North Fork looks to become ‘Bear Smart’
By CHRIS PETERSON
Hungry Horse News
Montana Fish Wildlife and Parks said it killed an old grizzly bear up the North Fork late last month that was getting too close to people and homes looking for food.
The bear was estimated to be about 22 years old, the agency said in a release.
It’s the first bear to be killed for management reasons this year in the North Fork.
The community is taking steps to keep it that way.
The North Fork Preservation Association recently created the Polebridge Bear Smart Community program, which is modeled after similar efforts in Canada and more locally, the Swan Valley community.
The effort comes after the death of Monica and her cubs last fall.

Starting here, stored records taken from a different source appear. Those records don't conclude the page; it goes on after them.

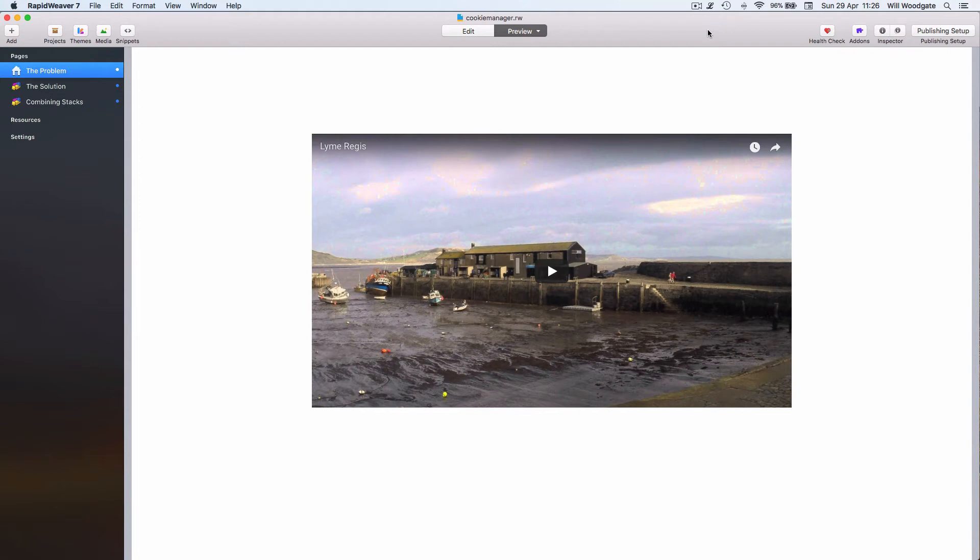This is just a very quick Sunday morning video to give you a clearer illustration of the sorts of scripts and other tracking cookies which might exist in websites and potentially how we can solve user privacy issues using stacks such as Cookie Manager.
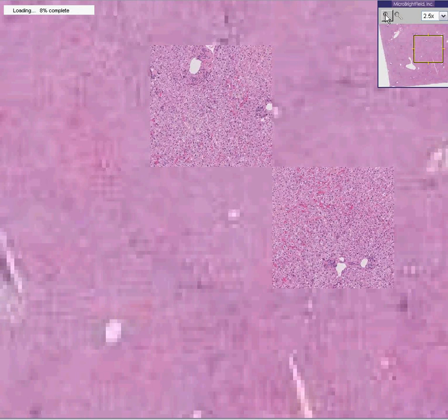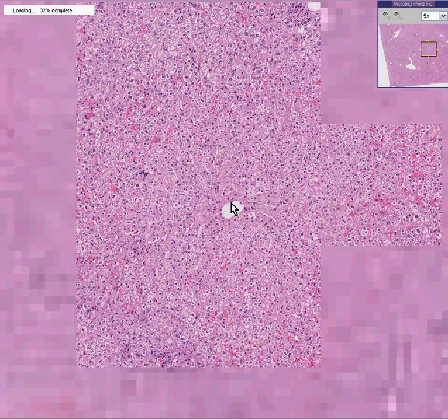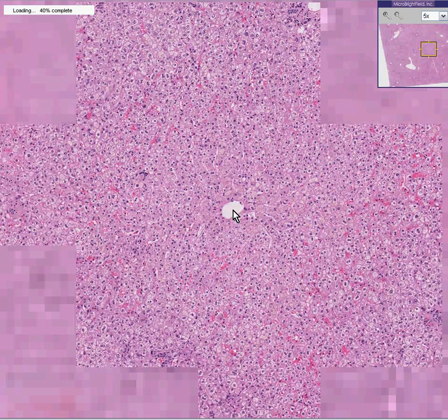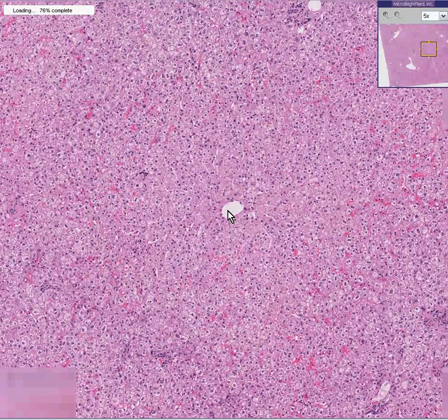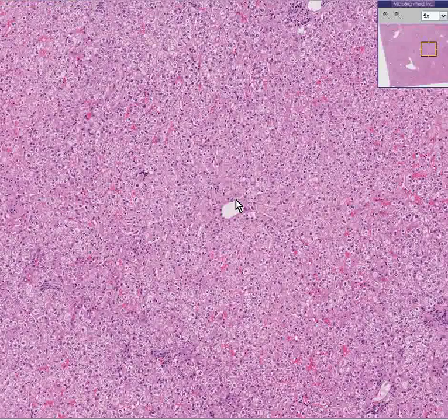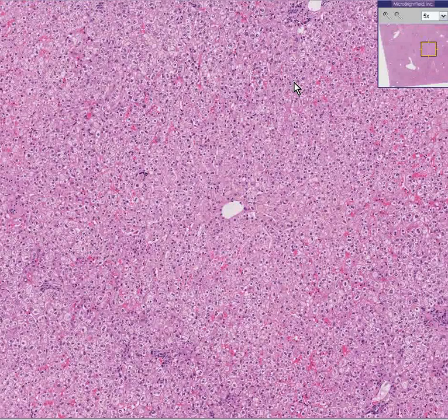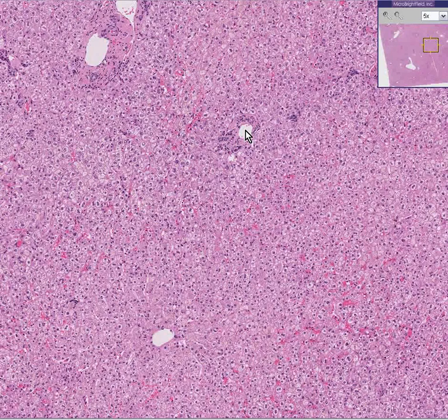Another thing you can rely on is that if you see a vein and there's absolutely no connective tissue around it, you don't have to wonder whether that's a portal vein or a central vein. Because all portal veins are in portal areas, and all portal areas have connective tissue around them. And all portal areas, besides having a portal vein, will have a hepatic artery and a bile duct.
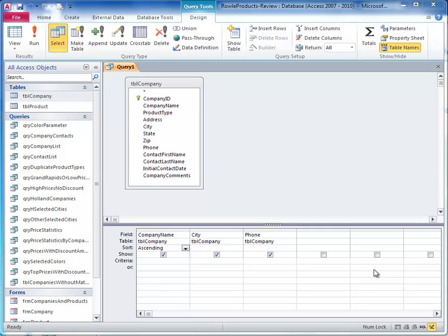This video is to show you how to create a calculated field named contact name as the first column that concatenates the contact first name field and the contact last name field with a space in between them.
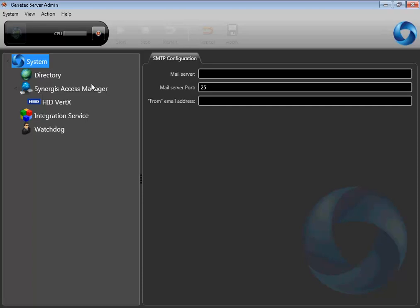Hi, and welcome to GTAG TechTube. This GTAG video will show you how to integrate Active Directory with Security Center.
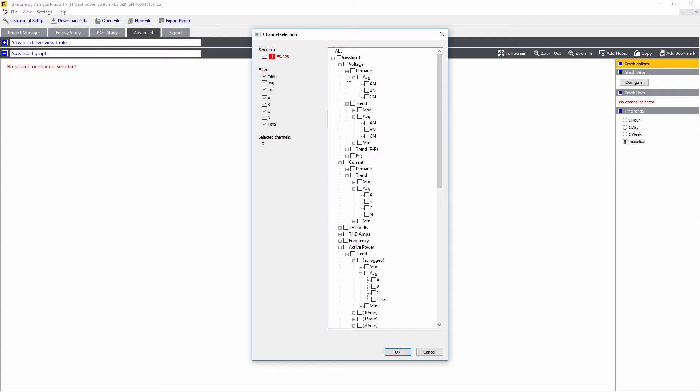These can either be logged values or the demand, depending on which one you want to see. We also have the average, min, and max available.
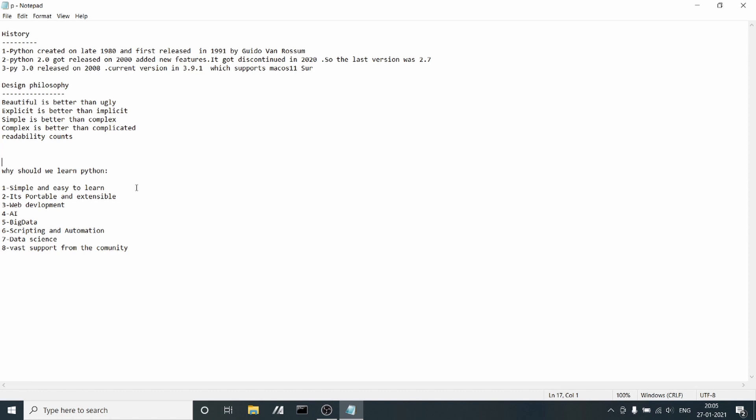Second, it is portable and extensible. Portable means you can use Python on any OS like Windows, Linux, and others. Extensible means you can call Python APIs from existing languages like Java and C++. There are many hooks available to call Python APIs.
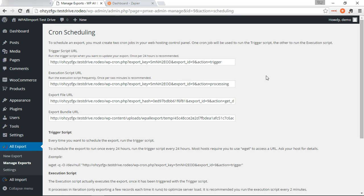I think that covers everything. So that's how you'd use WP All Export along with Zapier to send yourself an email each time a certain export runs. Thanks for watching.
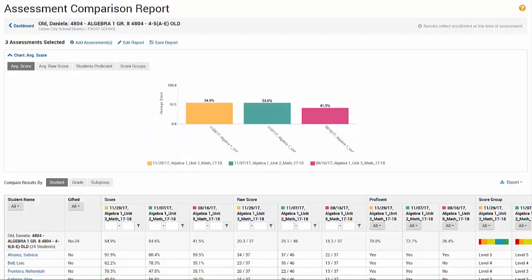You can use SchoolNet's Assessment Comparison Report to compare performance across multiple assessments for students, teachers, and institutions.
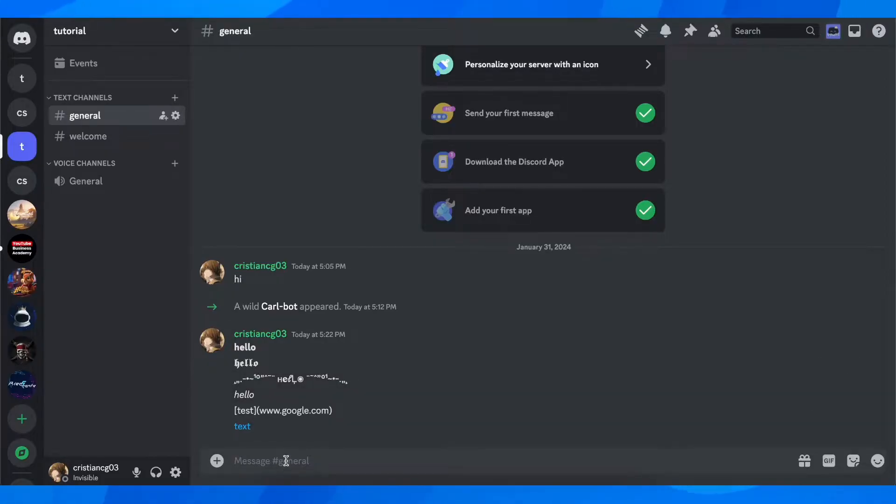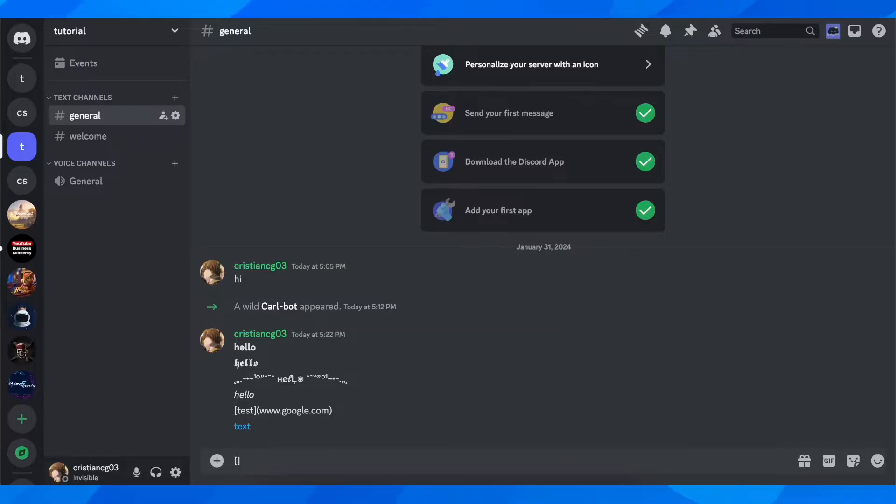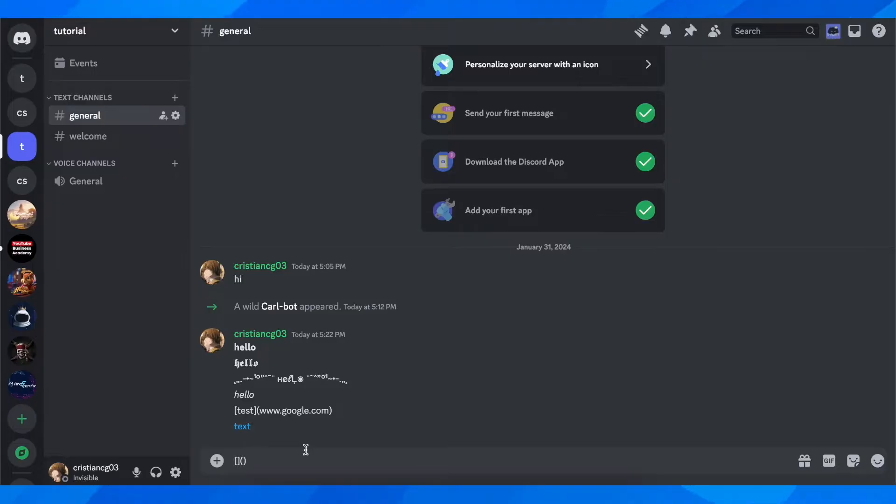What you're going to do is simply add square brackets like this, and then normal parentheses. After that, you're going to add your text. So I'm going to add something like 'this text'.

Monica was a productive North Fork sow grizzly that was killed by wildlife managers after she and her cubs repeatedly got into garbage and unsecured human foods, at one point ripping open a camper that had apparently been abandoned and had food left to rot inside.
This year, community leaders are taking pains to educate the public and new employees in the North Fork about bears, bear safety and how to properly store food and dispose of garbage in bear country.
“It was clear people weren’t doing what they needed to do,” Suzanne Daniell Hildner, secretary of the association, said last week.
But rather than do a lot of finger pointing, the association took a proactive approach, by holding bear training seminars last week along with Montana Fish, Wildlife and Parks bear management specialist Justine Vallieres.